Third, the fact hypnosis is real is a separate question from whether there is any therapeutic uses for hypnosis.

Hypnosis is a real thing. I've practiced it enough to know that. I also believe it can be therapeutic. Our difference is if it is an altered state of consciousness.
There is promising research in areas of pain control. I'm not familiar with the current research in using hypnosis in the psychiatric field. But mostly the research into the therapeutic benefits of hypnosis are only in their early stages.
Hypnosis has been studied a long time.
And it's been refuted that one can recover lost memories with hypnosis. If such memories can be recalled they are too muddled with false memories to be of any use.
It's been refuted because hypnosis is not an altered state that gives you abilities to retrieve past memories or past lives.
 
I can make myself weepy by listening to a series of very sad songs and "buying into" them.

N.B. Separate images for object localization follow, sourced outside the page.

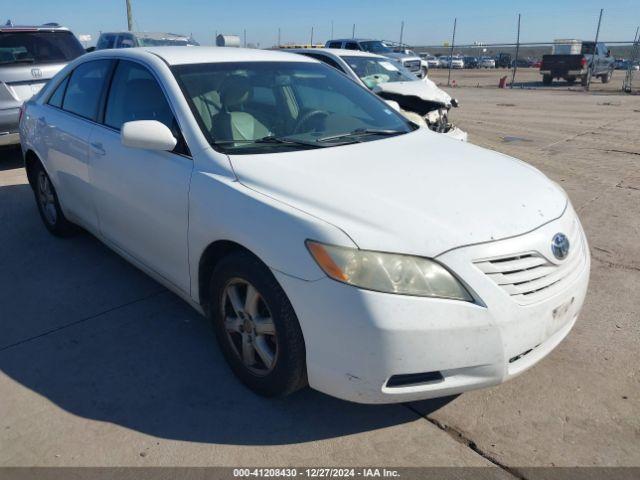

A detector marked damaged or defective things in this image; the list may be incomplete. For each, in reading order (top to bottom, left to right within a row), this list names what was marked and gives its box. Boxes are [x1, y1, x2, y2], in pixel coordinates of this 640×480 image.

damaged white car [292, 48, 468, 142]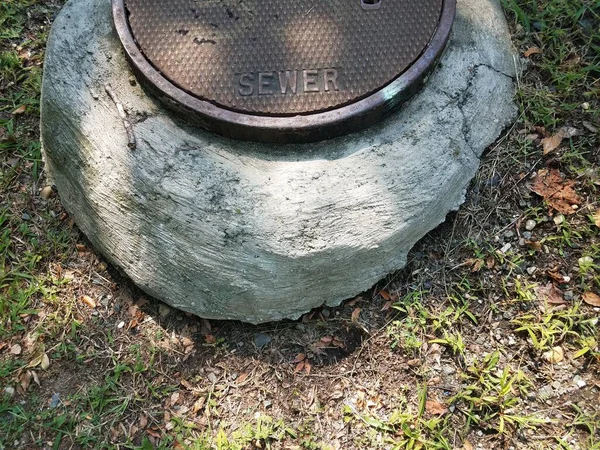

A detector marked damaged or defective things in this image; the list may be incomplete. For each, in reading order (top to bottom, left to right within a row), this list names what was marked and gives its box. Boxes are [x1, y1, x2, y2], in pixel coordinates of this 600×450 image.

rusty metal lid [112, 0, 454, 142]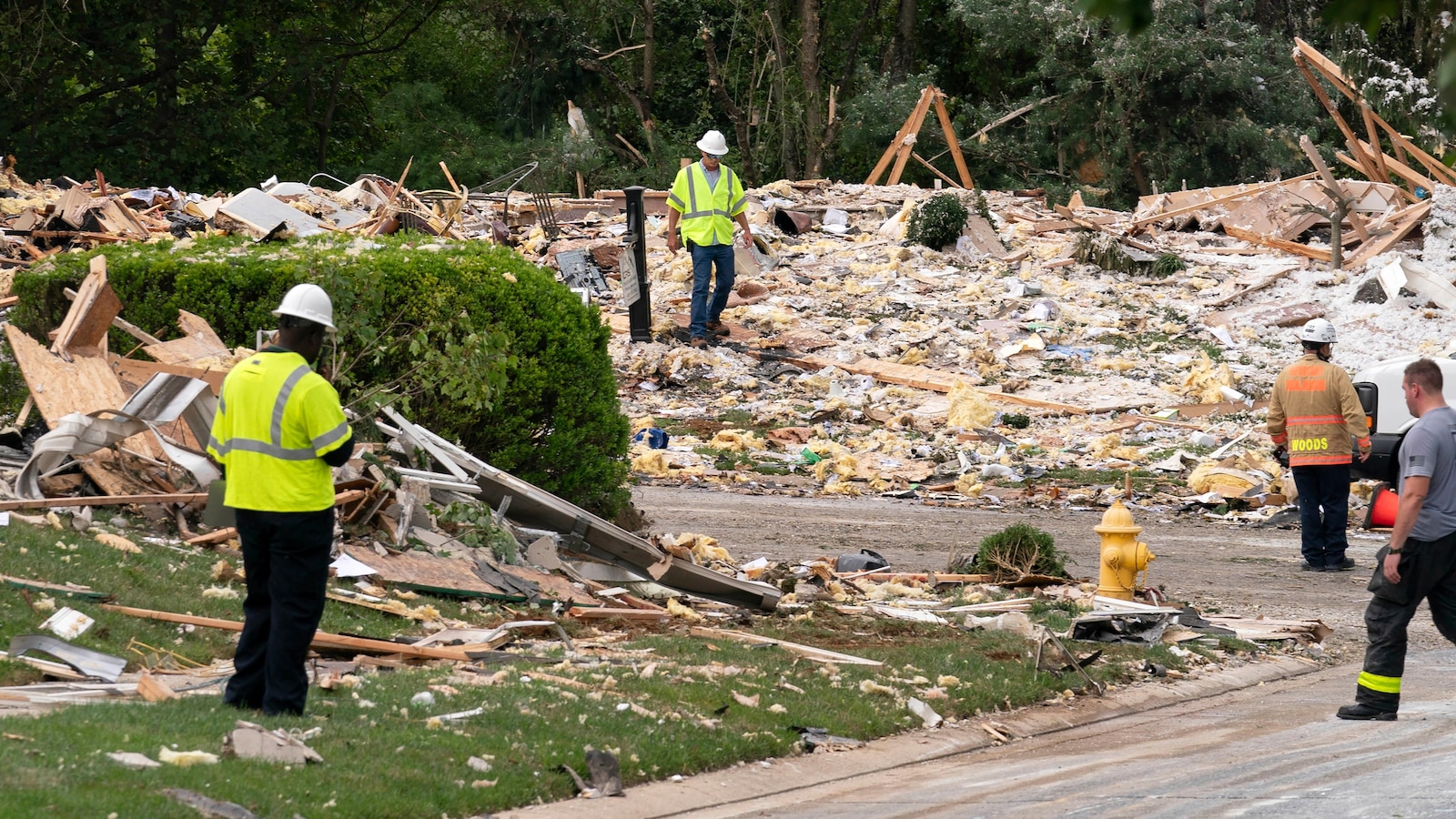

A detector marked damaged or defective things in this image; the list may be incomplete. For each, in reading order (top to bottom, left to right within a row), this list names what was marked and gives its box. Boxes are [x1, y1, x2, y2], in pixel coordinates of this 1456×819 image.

splintered lumber [49, 255, 120, 357]
splintered lumber [0, 490, 209, 510]
splintered lumber [99, 602, 474, 658]
splintered lumber [687, 623, 879, 664]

Is that hypnosis? Like hypnosis? It's at least an induced, altered state.

Luckily we have an expert in this thread who can tell whether or not you're faking this reaction.
 
I can make myself weepy by listening to a series of very sad songs and "buying into" them. Is that hypnosis? Like hypnosis? It's at least an induced, altered state.

If so, the porn must be one of the most powerful and effective forms of hypnosis known to man. Its physical effects can even be scientifically observed and measured!